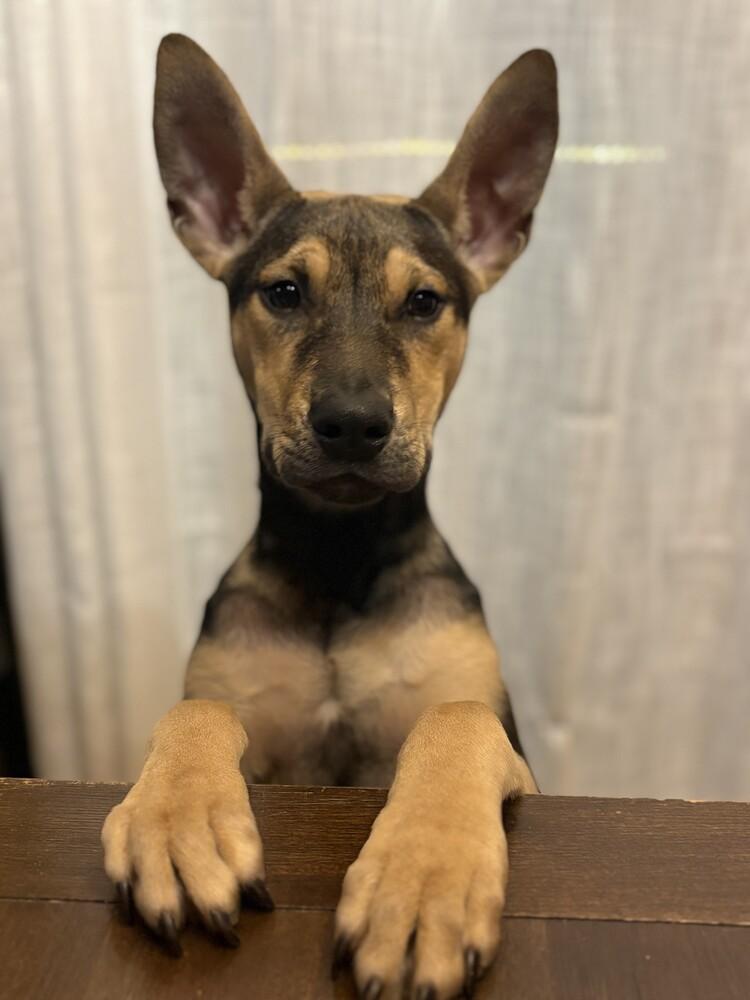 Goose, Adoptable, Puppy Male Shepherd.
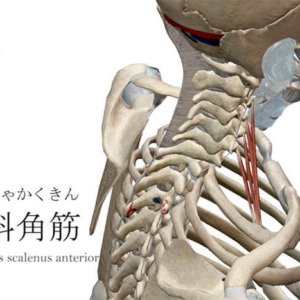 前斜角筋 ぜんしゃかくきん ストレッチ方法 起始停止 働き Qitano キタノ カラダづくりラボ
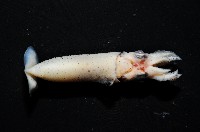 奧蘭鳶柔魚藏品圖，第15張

--*--

• [EXERCISE]:
Transcribe exactly the line that contains "前斜角筋 ぜんしゃかくきん ストレッチ方法" and each line after it through the end of the listing. Leave out the pictures.

• [EXERCISE ANSWER]:
 前斜角筋 ぜんしゃかくきん ストレッチ方法 起始停止 働き Qitano キタノ カラダづくりラボ
 奧蘭鳶柔魚藏品圖，第15張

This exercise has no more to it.